Day 38 - Connections
I met someone recently who is embarking on a journey I started nearly 18 years ago - ending a marriage and living a genuine, honest life. It’s a tough road that is incomprehensible to anyone not in our situation. And while he is really struggling with all the emotions, distractions, and disappointments, along with the logistics, I know things will get better for him.
So what does this have to do with “Connections”? Well... first off, we met on a gay networking site called “Connexions.” Secondly, I feel as if we’ve made a connection - it’s not a dating or romantic connection, but something even deeper. I understand so much of what he’s going through, and I know there is light for him further down this dark path. I can connect with him in his pain - I have felt it - and while our stories aren’t exactly alike, the similarities are numerous and strong.
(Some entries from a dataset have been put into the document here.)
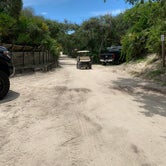 Review photo of North Beach Camp Resort by Ilena R., August 4, 2020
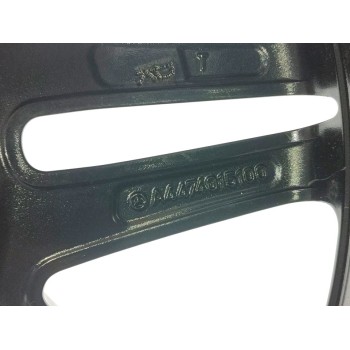 Recambio de llanta para mercedes-benz clase v (w447) v 250 cdi/bt 4matic (447.813) referencia OEM IAM A4474015100  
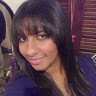 mayra graziele
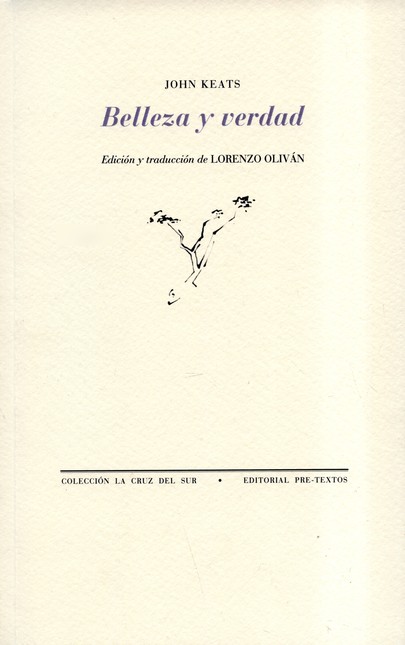 Belleza y verdad
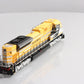 Athearn G68723 HO Scale EMD SD70ACe Diesel Locomotive #1201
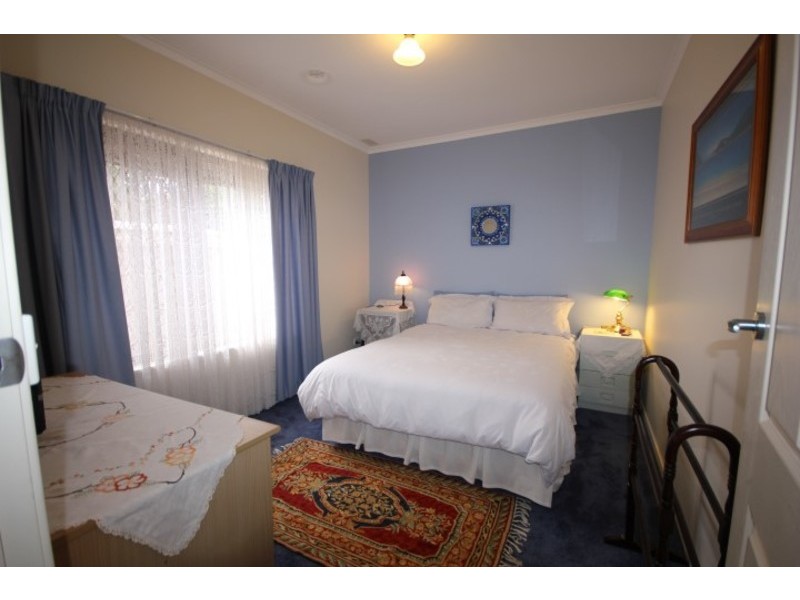 18 Mansell Drive, Mildura VIC 3500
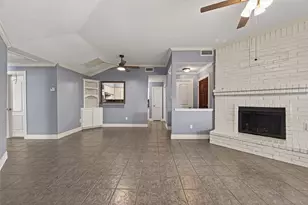 11806 Roandale Dr, Houston, TX 77048 - Photo 3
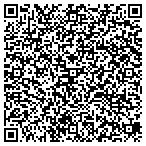 QR code with Jiffy Housewares Leasing & Sales Inc contacts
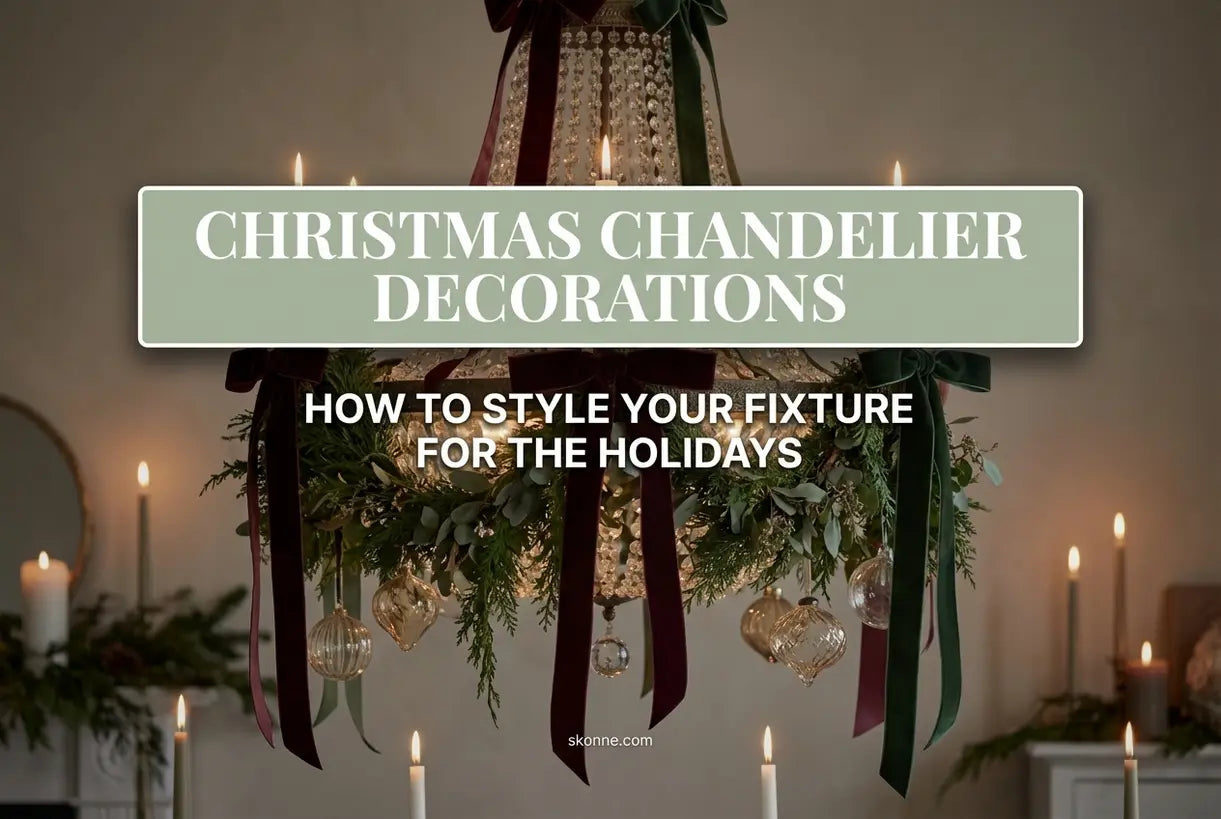 christmas-chandelier-decoration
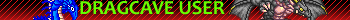 Dragcave user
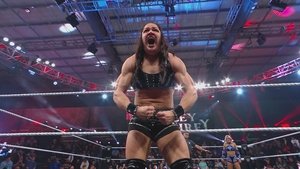 Stepping into the Spotlight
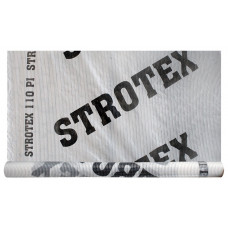 Strotex 110 PI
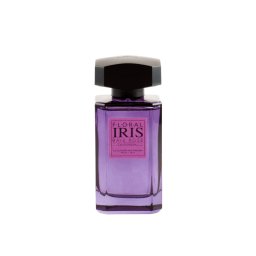 La Closerie Des Parfums Floral Iris Baies Rose Apa de parfum Unisex 100 ml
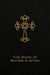 The Book of Before and After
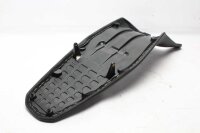 Bænk sædehynde Ducati Hypermotard 698 Mono RVE 24-24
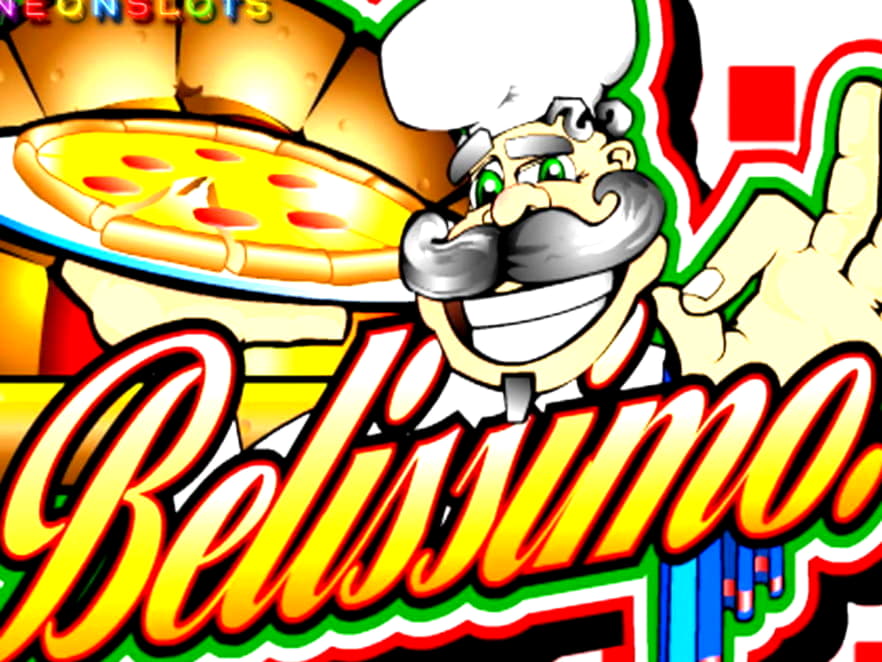 €430 Casino tournaments freeroll at All Slots Casino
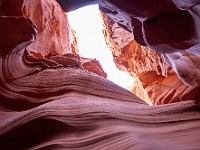 DSC 8461 : america, antelopecanyon, paesaggi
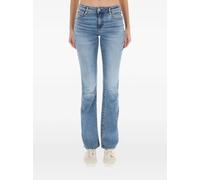 Diesel 1969 D-Ebbey jeans - Blue 28-29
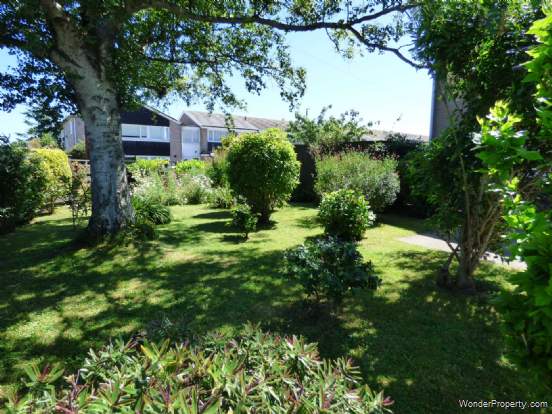 Additional Property Image 2 bedroom Flat for sale in Brixham 10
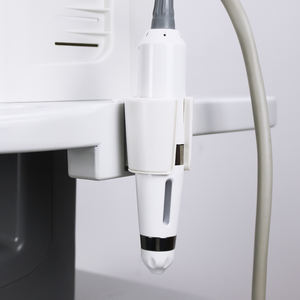 Máquina de <span class=keywords><strong>mesoterapia</strong></span> Transdermal sin aguja, máquina de <span class=keywords><strong>mesoterapia</strong></span> para el cuidado de la piel - Product Image 3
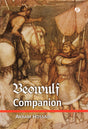 Beowulf Companion - Retail Maharaj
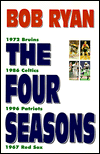 The Four Seasons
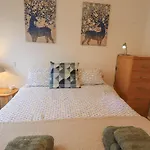 River Walk Apartment *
I am glad to have had this beautiful human being come into my life to remind me of all the “stuff” I’ve been through, of the progress I’ve made with the help of countless others, and of the light I currently enjoy which contrasts starkly with the darkness from which I have emerged, as from a deep cavern on a bright August afternoon.
I am also grateful for the chance to “pay it forward” - all the support and encouragement I’ve received over the past 18 years is now being channeled toward this bright, sensitive, caring man who needs someone to carry the torch for him for awhile. My arms are strong - I’ve been working out for awhile now.